# Win 8.1 booting from USB



## yanceycat (Feb 2, 2010)

I trying to reinstall Win 8.1 on a ASUS Q200E there is no DVD on this computer so I need to use a usb drive I have the img on the usb but the bio won't see it I don't see why I getting the BSOD that why reinstalling windows I already try to recover from the BSOD but didn't work


----------



## Masterchiefxx17 (Feb 27, 2010)

Have you put the BIOS in legacy mode and turned off secure boot?


----------



## yanceycat (Feb 2, 2010)

Yes all that is off


----------



## bassfisher6522 (Jul 22, 2012)

Did you just copy the image to the USB? Where did you get the ISO?
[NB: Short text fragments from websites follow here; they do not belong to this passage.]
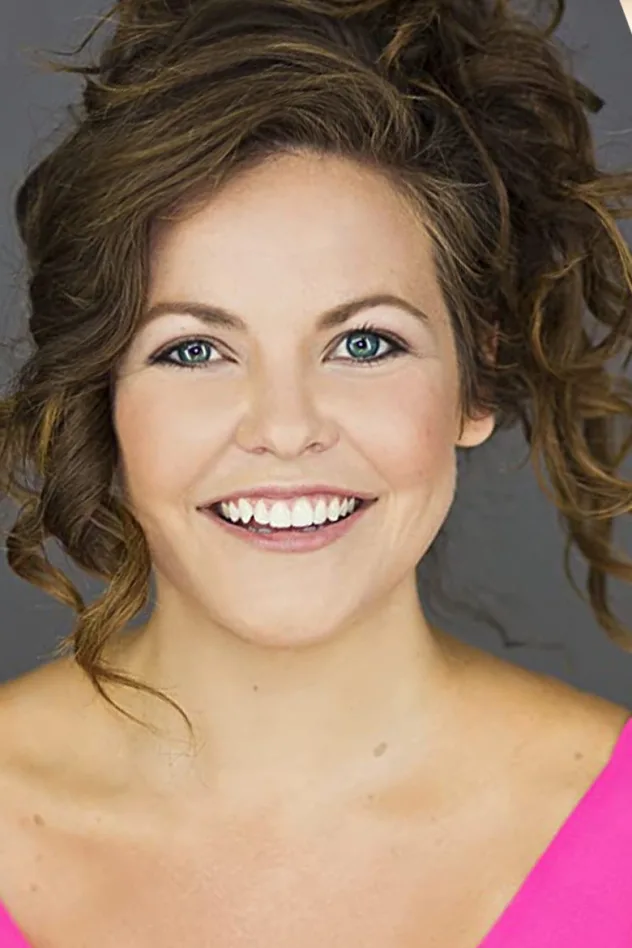 Brianna McClellan fotoğrafı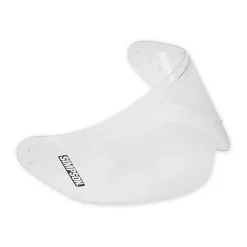 Simpson Motorcycle Helmet Replacement Shields - Fits Ghost/Speed Bandit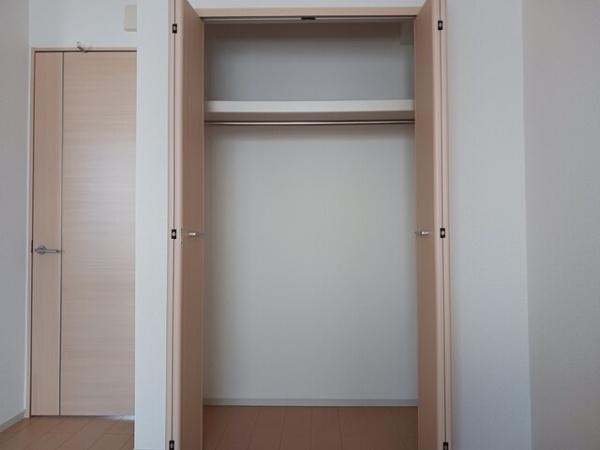 南巨摩郡富士川町長澤のアパート
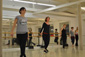 Lyrical Jazz mit Sven Niemeyer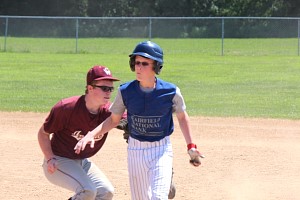 2011_07_09_Dominic_Baseball_582.jpg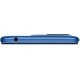 Смартфон Xiaomi Redmi 10C 4/128GB NFC Ocean Blue Global UA - Фото 7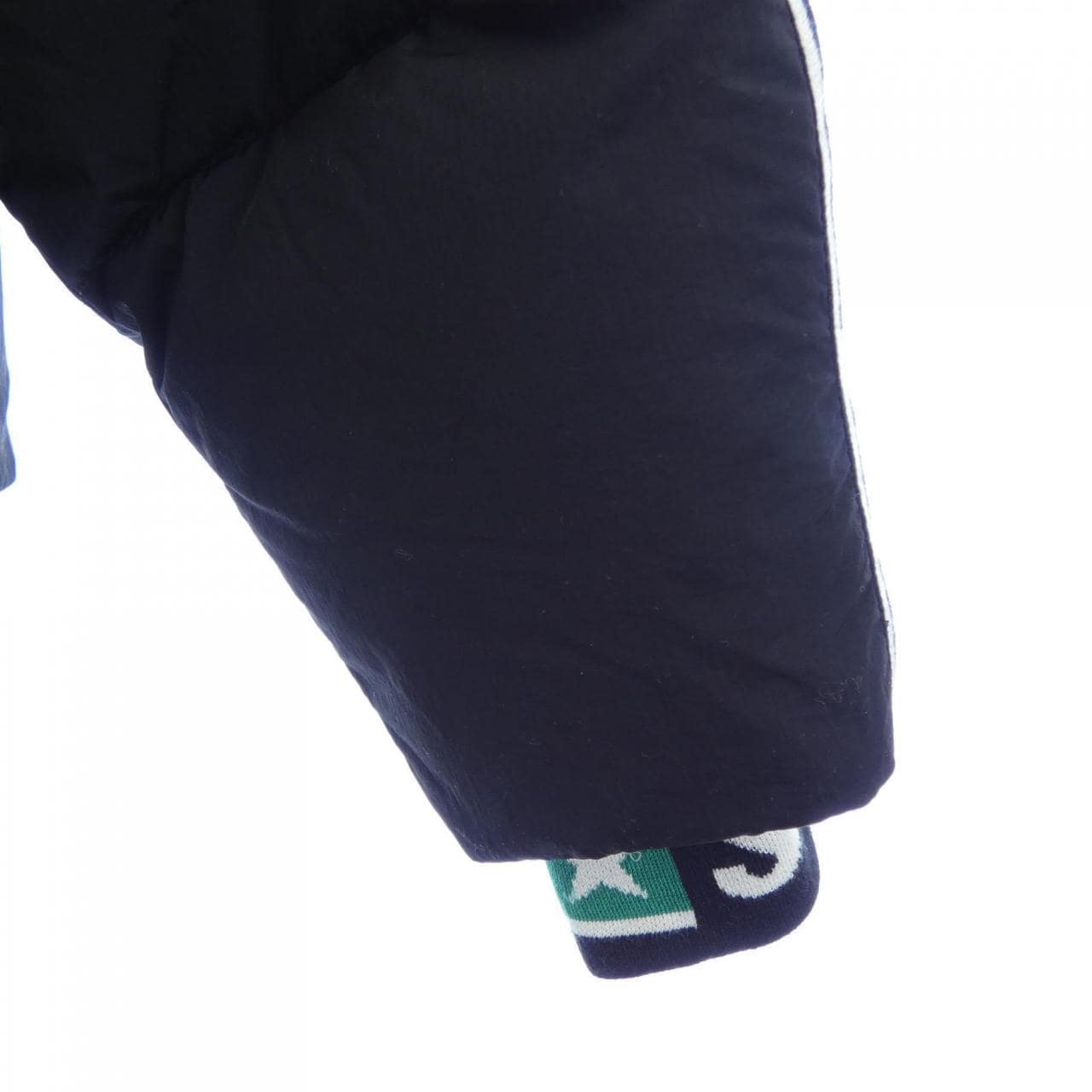 ドルチェアンドガッバーナ DOLCE&GABBANA F9G29T/FUM8T ダウンジャケット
You can't copy/move an image/ISO to USB....you have to create a bootable USB. I like using Rufus for creating my bootable USB drives.


----------



## spunk.funk (May 13, 2010)

BSOD's are caused by bad drivers or possibly bad RAM. Reinstalling may not solve the problem. 
Rather then install from a USB, reinstall using the Recovery Partition: ASUSTeK Computer Inc. -Support- Troubleshooting Q200E


----------



## niknettech (Oct 23, 2015)

Some BSOD's can also be caused by malware, corrupted filesystems or other software related issues. I personally like using the command line to create bootable flash drives. You can find instructions here How to Create a Bootable USB Drive Without Using Any Software. Just make sure you run cmd as administrator. I've also run into issues with certain flash drives just not being bootable. Rare, but it happens. If it still won't boot, try a different flash drive. If you would like to verify or rule out a hardware issue, a nice easy way of doing that would be to take windows completely out of the picture. Download a copy of Kali Linux and xboot. Use xboot to create a bootable Linux flash drive. Make sure to select "backtrack" as your distro and "grub for dos" as your bootloader. Boot into Kali and try surfing around and running a few different programs. If you're still getting errors, then the problem is most likely hardware related. If all works well under Kali, then the problem is probably with windows. A slight caveat to this is that Kali will not test the Hard Drive which is also a possibilty. To test this you can attempt to schedule an error check (scandisk) on your system drive


----------